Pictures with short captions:
· · · · ·
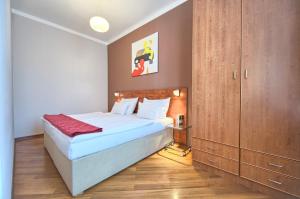 Posteľ alebo postele v izbe v ubytovaní Residence Masna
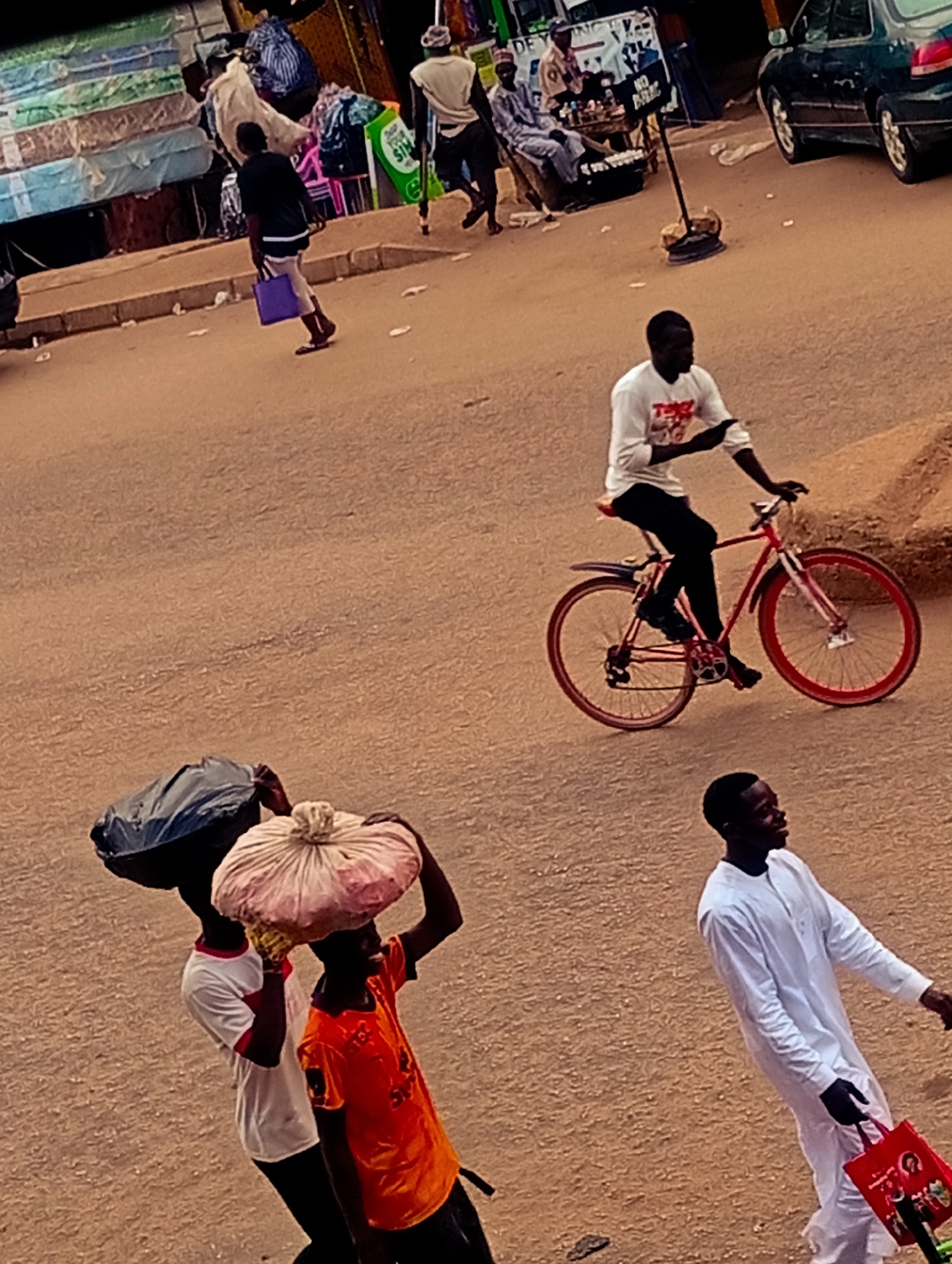 The image shows a street scene in Bukuru, Nigeria. The road is a reddish-brown color and appears to be unpaved in sections. Several people are visible. One man is riding a red bicycle with a white t-shirt and black pants. Three individuals are walking towards the viewer: two people carrying bundles on their heads, and one man in a white robe carrying a red bag. In the background, there are a few more people, including some gathered near a small roadside vendor stall and a dark-colored car parked on the side of the road. There are also some mattresses stacked near the edge of the road.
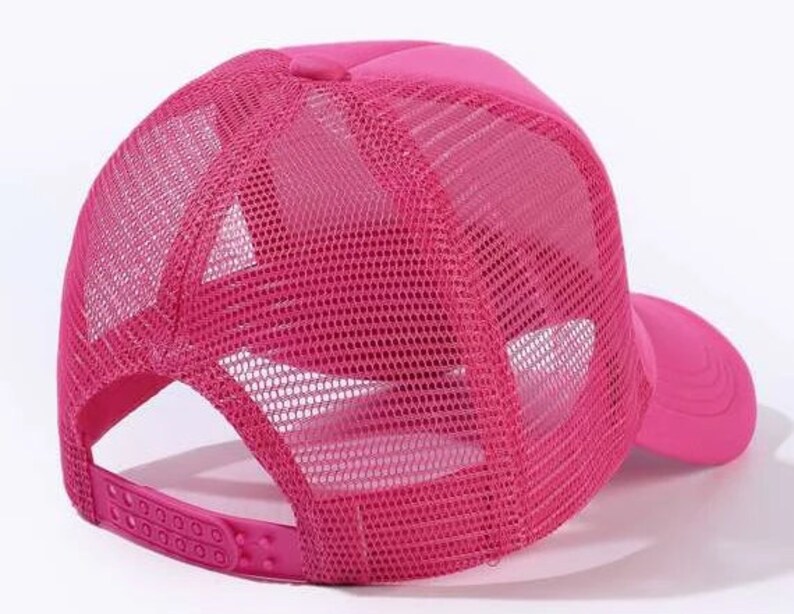 May include: A pink mesh trucker hat with a solid pink front panel and a mesh back panel. The hat has a curved brim and an adjustable strap.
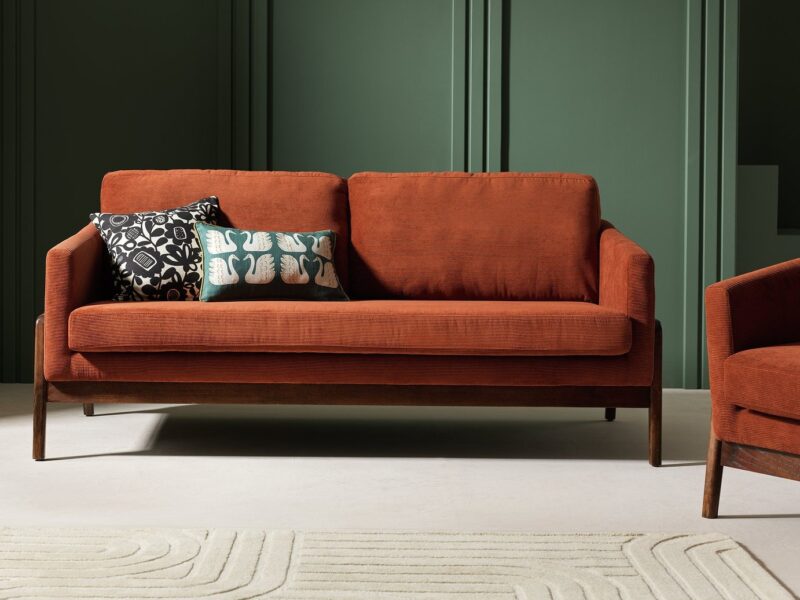 Brown fabric sofa with dark wood frame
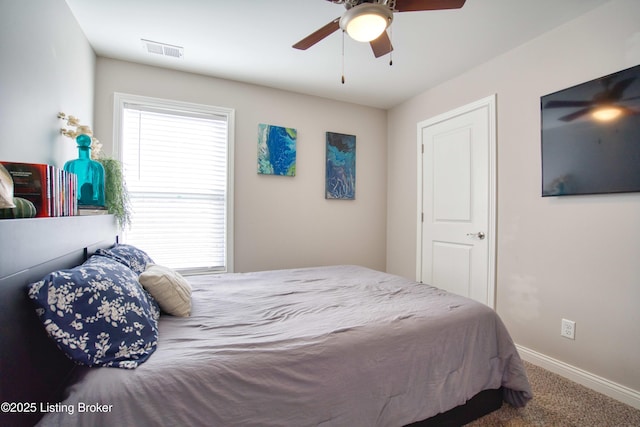 8105 Cedar Crest Ln, Louisville, KY 40291 - carpeted bedroom with baseboards and ceiling fan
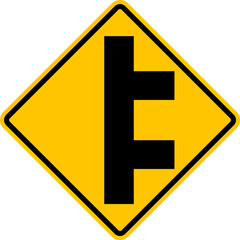 Unregulated intersection with an adjacent road. From right side. Sign for merging road on right side. Road junction. A junction where one street or road intersects another. Warning yellow sign.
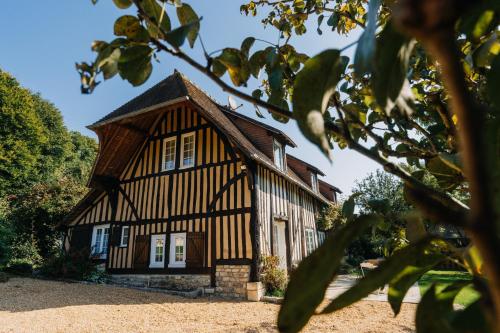 une vieille maison avec un toit à la mansarde dans l'établissement Colombe - Une Maison du Pays d'Auge - Bain nordique 9P, à Le Mesnil-Eudes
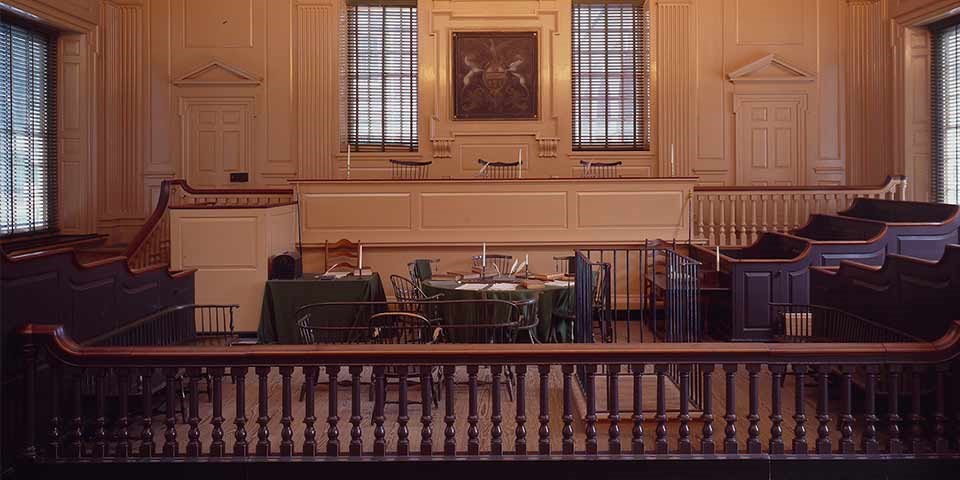 Interior view of a courtroom with judges' bench and jury boxes flanking a lawyers' table.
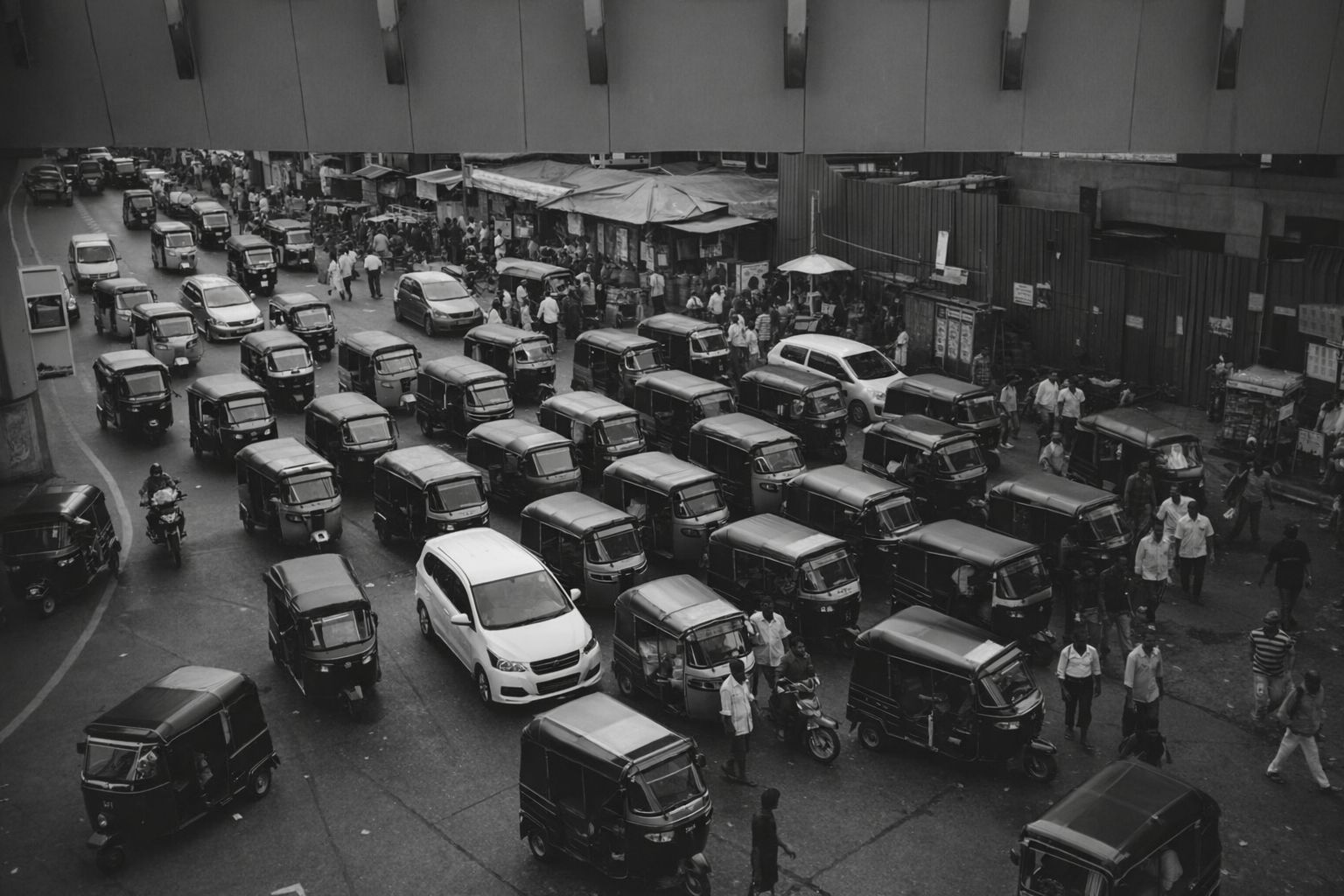 Svartvit flygbild över tät trafik med bilar och rickshaws i en stad.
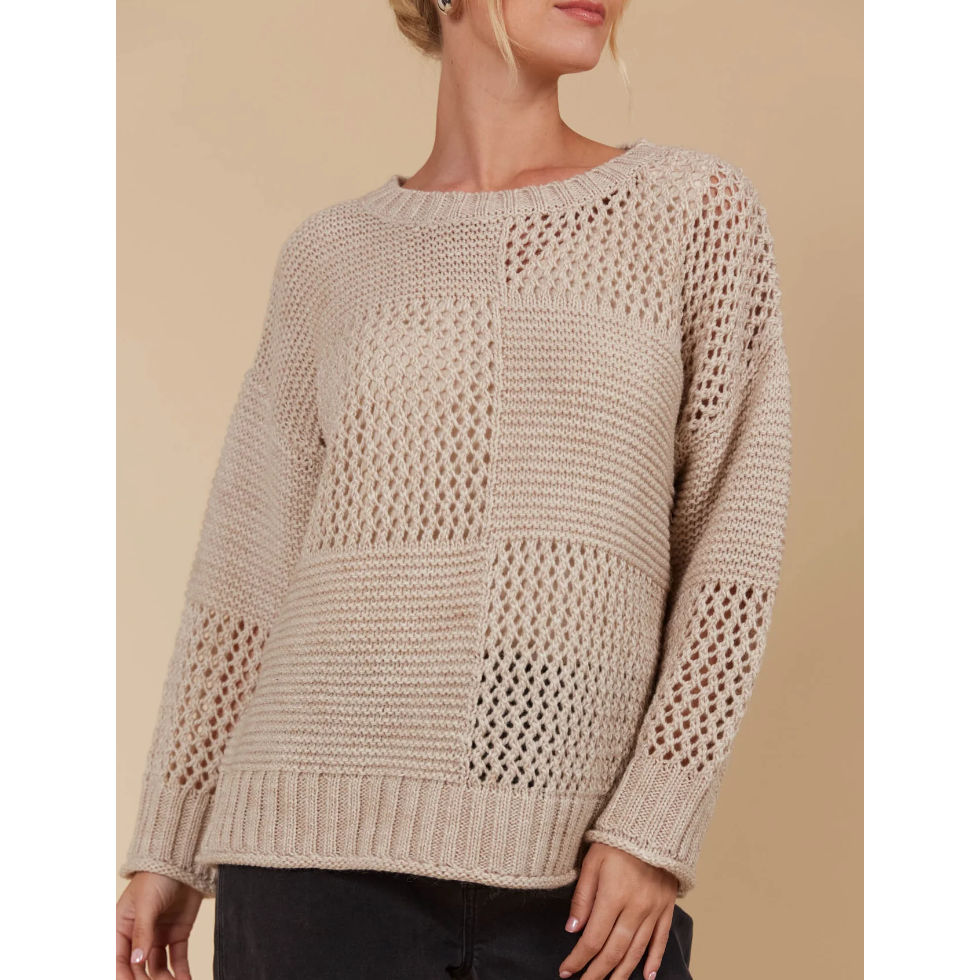Luna Jumper - Canvas

The Luna Jumper is your new excuse to live in knitwear. This classic knit gets a modern twist with a unique contrasting weave pattern in a perfect-for-the-season colour palette. Its relaxed fit makes it a layering pro—whether you're throwing it over a light tee or under a heavier coat. Crafted in a cosy wool blend, this knit is made for cooler days. Pair it with your go-to jeans, a snug scarf, and comfy loafers for a laid-back seasonal vibe.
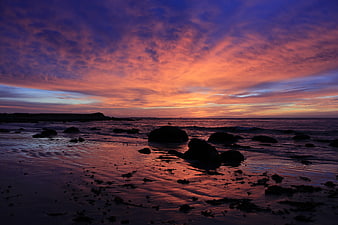 Vibrant Sunset Over Rocky Beach with Silhouetted Stones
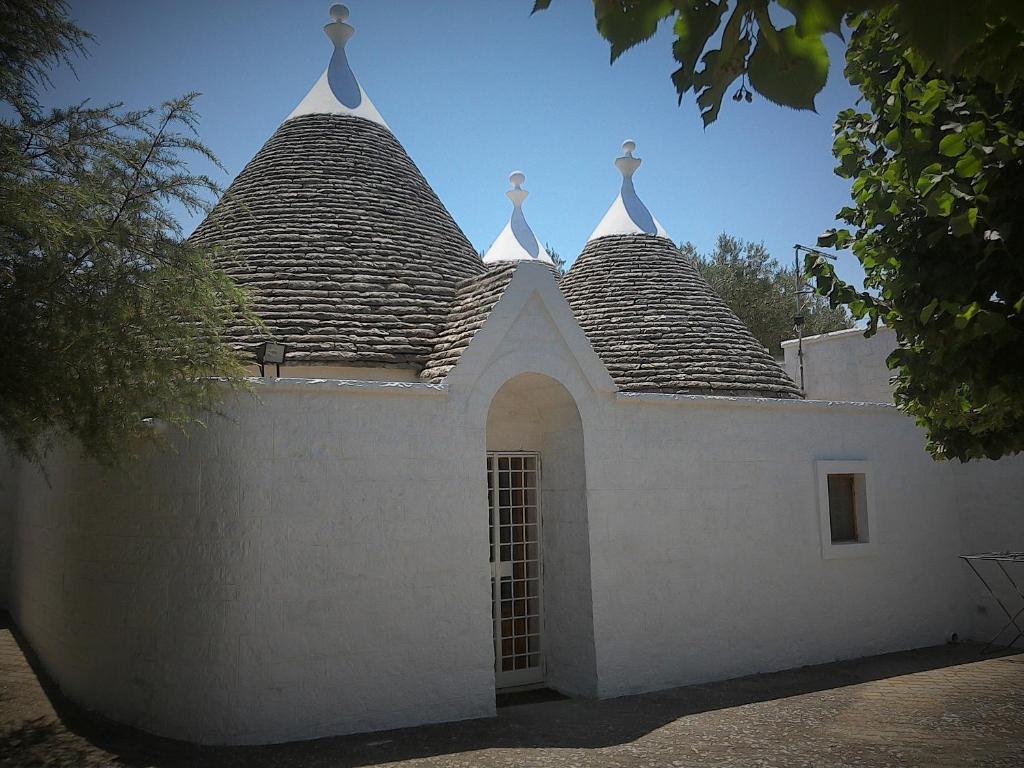 Un bâtiment blanc avec deux tours en haut dans l'établissement Trullocarluccio, à Monopoli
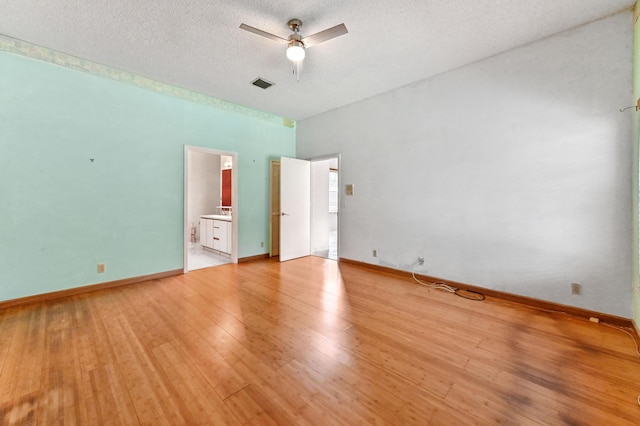 unfurnished bedroom with baseboards, light wood-style flooring, visible vents, and a textured ceiling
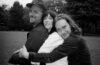 members of Bizner hugging one another
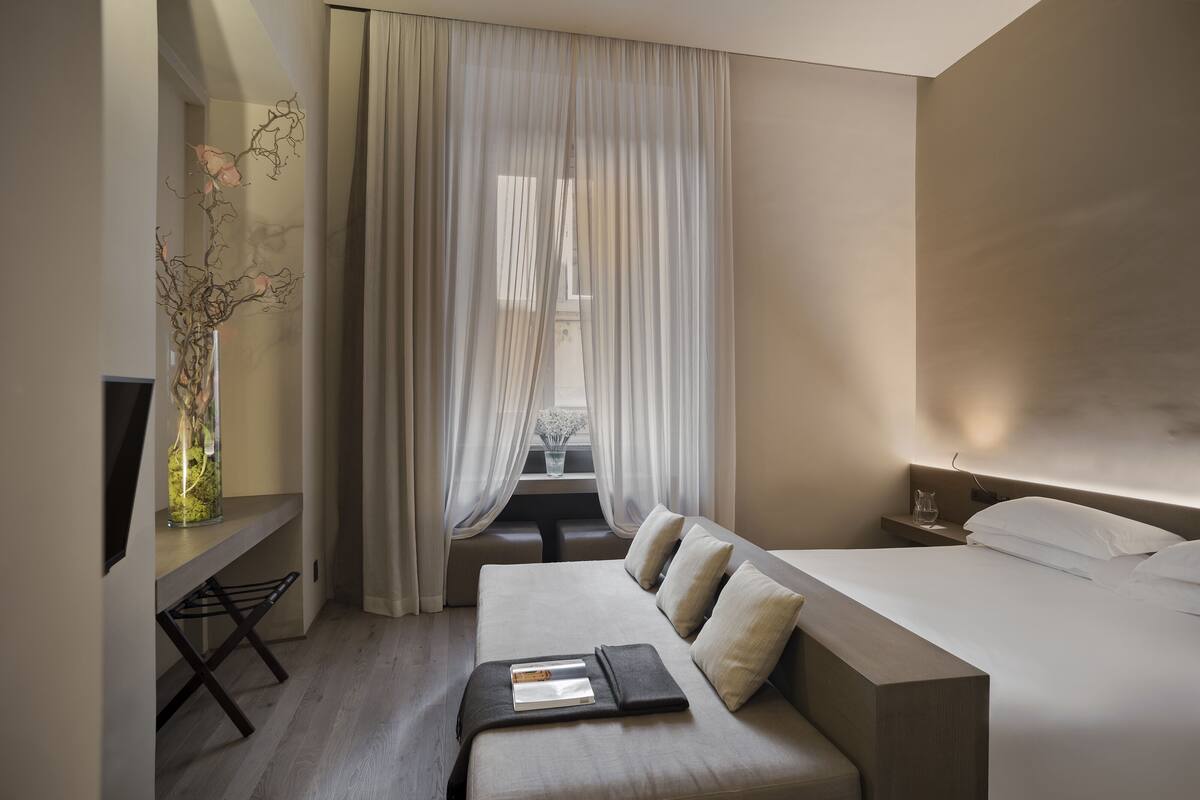 A modern hotel room with a bed, bedside table, and a desk with a chair.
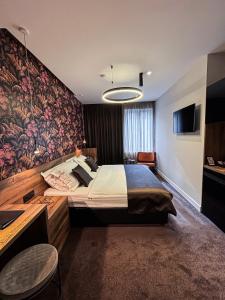 Postel nebo postele na pokoji v ubytování Calma Luxury Rooms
· · · · ·
Text only, no pictures: please print exactly the lines above from the line with "8105 Cedar Crest" up to and including the line with "une vieille maison", and nothing else.

RESPONSE:
 8105 Cedar Crest Ln, Louisville, KY 40291 - carpeted bedroom with baseboards and ceiling fan
 Unregulated intersection with an adjacent road. From right side. Sign for merging road on right side. Road junction. A junction where one street or road intersects another. Warning yellow sign.
 une vieille maison avec un toit à la mansarde dans l'établissement Colombe - Une Maison du Pays d'Auge - Bain nordique 9P, à Le Mesnil-Eudes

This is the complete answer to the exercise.